I need to get this, then.
That is quite a bass, btw:
"The bass provides the kind of support that you don't hear all that often. It reminded me of the kind of support you feel when your tall, loved one keeps you safe from the jumping members of a mosh pit."
last of the american girls was catchy, as any good pop song should be, but it didn't seem like anything new for them as a band, rather a watered-down, over-produced version of their former glory. that's my first-listen cynical opinion. give me a couple more listens, and i'll probably be singing along. :)
now that i've read your review, butch vig's production credit makes my point all the more clear.
This is interesting. I've always found Green Day to be the kind of band that can 'marry well' social critique with good rock.
Liam's point is also interesting in that even their 2004 American Idiot had some of this uber-processed new pop influence that we see all over the place now.
But, of course, they are a solid band. And naturally, they need to sell their work.
To market, to market.
I look forward to the videocast.
Enter Green Gay?
That's the best Freudian slip of the week!!!!
Ha. Green Day, i.e.
I corrected the slip.
I really like this album because, as I just noted on the videocast which will be loaded on iTunes on Friday, they've managed to keep their authentic sound while taking it to a new level. And they also have pretty solid lyrics.
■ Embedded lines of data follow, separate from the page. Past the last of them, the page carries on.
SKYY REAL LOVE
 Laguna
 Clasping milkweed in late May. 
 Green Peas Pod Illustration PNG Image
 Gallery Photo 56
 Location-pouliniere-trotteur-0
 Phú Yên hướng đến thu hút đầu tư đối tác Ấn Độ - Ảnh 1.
-I get your comment about the over-production bit. And the Butch Vig presence is clearly seen in this one. I just don't seem to have too much an issue with a small measure of this 'production boost', if you will, because I find 'kitsch' to be quite helpful to good content. Musically, this simply works well for me.
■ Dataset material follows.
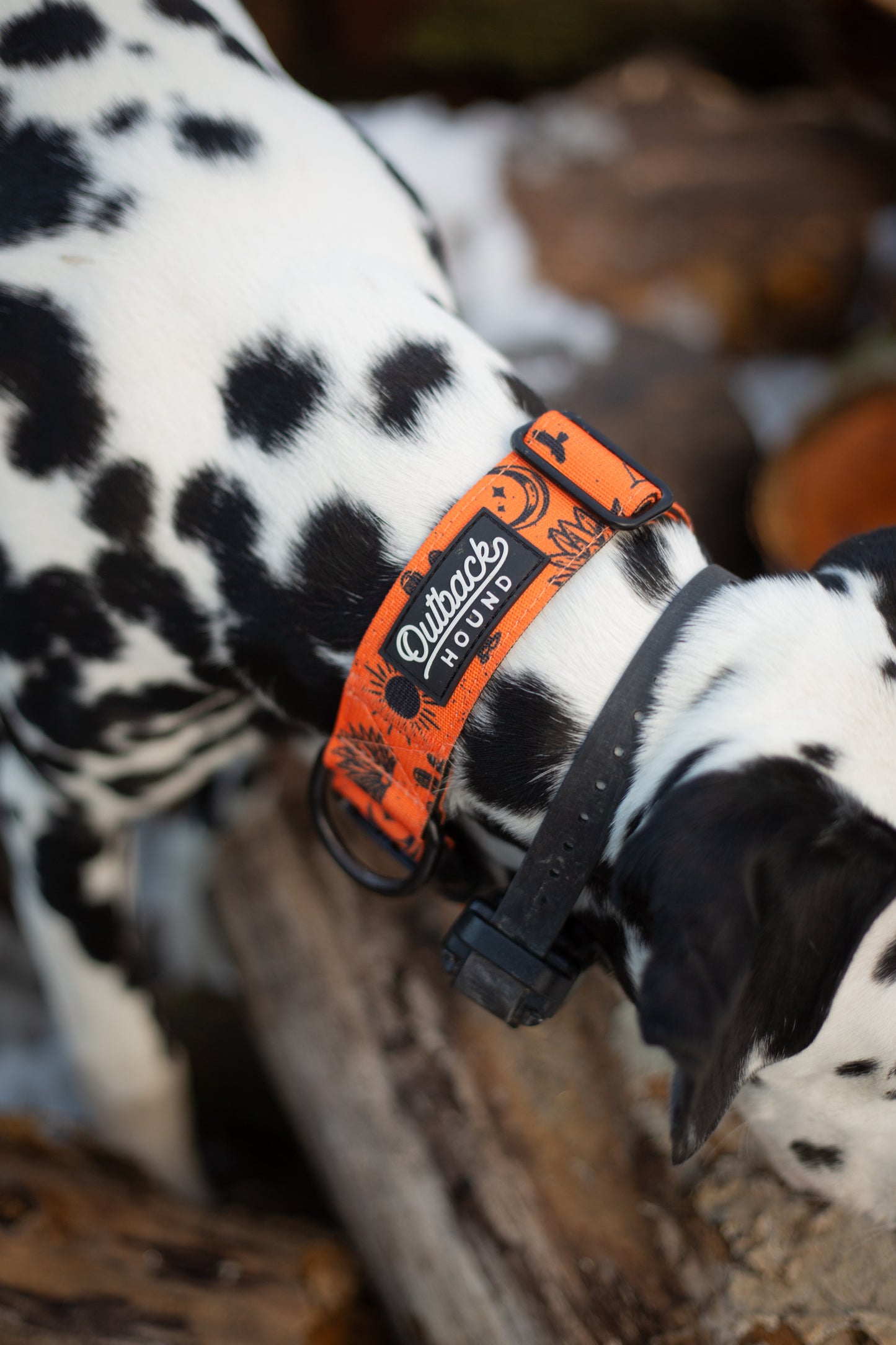 Orange Agave Collar - Outback Hound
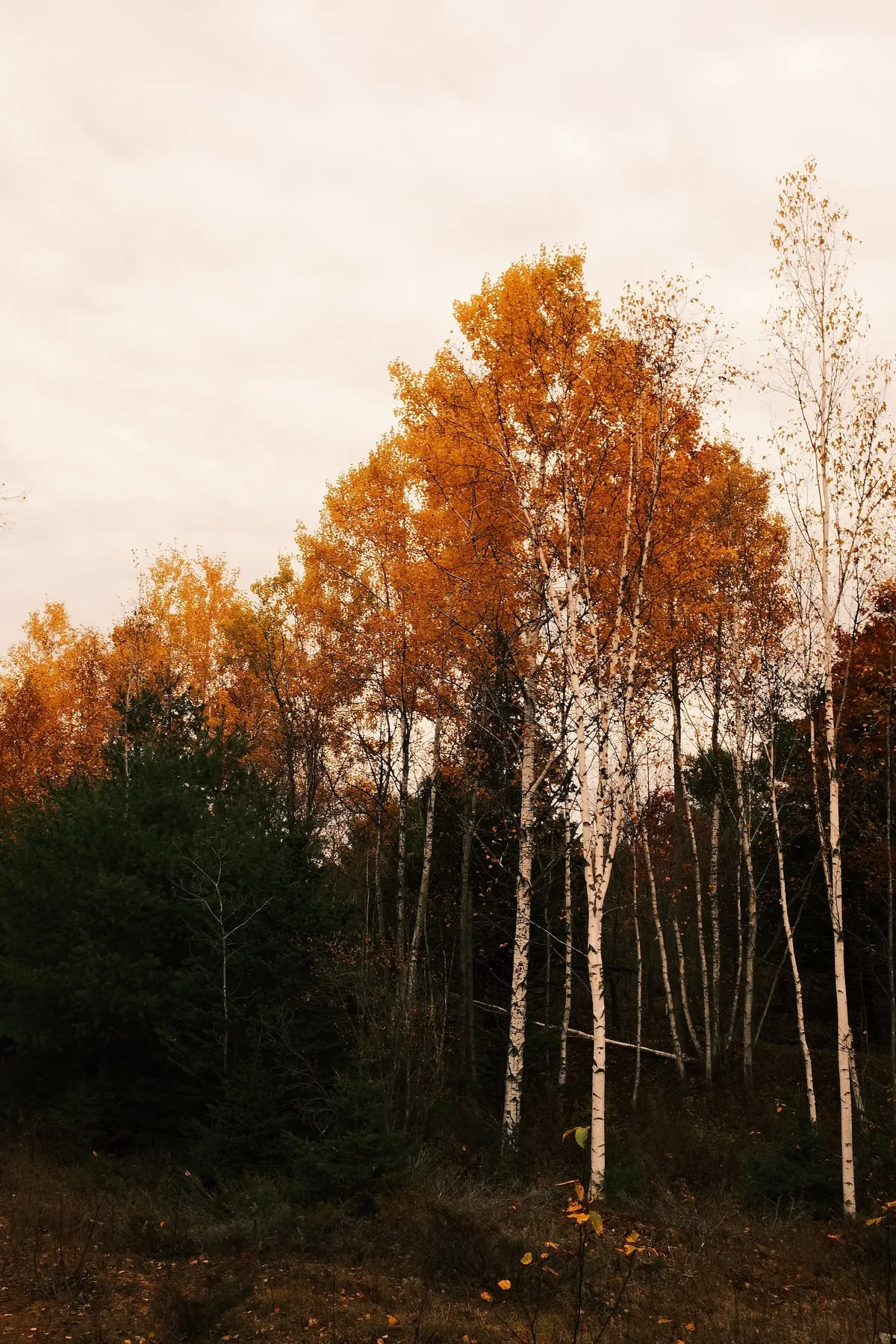 acorrado-DSCF5144_dacabd088517461c717cd9fb65ed47db220e373473ecdf8781473f9fd1ce28c9_36a3dae272014c679f194dce933c84b47c078579cd17c7fa4c29ff5d63fe1e3f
And I also got turned on to it after giving it a couple of listens. This morning alone I learn it 5-6 times. High-frequency, indeed.
Well, one thing that I am impressed with is that these guys are still around 10+ years later. Most bands can't pull that. I haven't actually paid much attention to them since Dookie, which I used to have in my collection, and kind of enjoyed until I realized while listening to it that I couldn't distinguish one song from another when listening in sequence. Now, take the songs out of sequence and put them in a shuffle list, and they are totally classic.
Maybe I'll check out their more recent stuff. I've been resisting because of the eyeliner and black monochrome with red tie type stuff they've been wearing, which seems a little affected to me.
I've liked a lot of their tracks over the years.
Their success is deserved. I agree that its easy to get tired of their Green Day-ness but the shuffle does miracles. In good measure, these guys truly rock!